New Cold War?
December 12, 2013Russia's response to Canada's announced plans to extend its territorial claims in the Arctic is the latest in a series of moves by countries sharing coastlines along the vast polar ocean.
Tension is on the rise as Russia, Canada, Denmark, Norway and the United States seek to assert jurisdiction over parts of the warming Arctic and claim rights to the sea-floor assets as well as protecting their borders.
"There is some overlap - everyone acknowledges that," said Robert Huebert, associate director of the Center for Military and Strategic Studies at the University of Calgary.
The rising interest in the region is being driven, in large part, by climate change.
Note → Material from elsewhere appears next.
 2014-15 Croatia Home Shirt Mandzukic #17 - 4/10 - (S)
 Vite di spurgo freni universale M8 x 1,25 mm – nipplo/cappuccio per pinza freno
Ice in the Arctic Ocean shrank last year to its lowest levels since satellites began monitoring it more than four decades ago. Many scientists now believe that by the middle of this century, it could vanish altogether in the summer months.
Vast oil and gas reserves
Already ships are taking advantage of open polar waters to navigate a shortcut between the Atlantic and Pacific. And competition for oil and gas is intensifying in contested, overlapping areas.
The Arctic is believed to hold up to a quarter of the planet's undiscovered oil and gas reserves. Nations with continental shelves extending into the vast 18-million-square-mile polar region are now vying for a chunk of it.
Under the United Nations Convention on the Law of the Sea, a country can secure control of the ocean floor beyond the internationally recognized 200-nautical-mile limit, provided it can demonstrate the seabed is an extension of its continental shelf.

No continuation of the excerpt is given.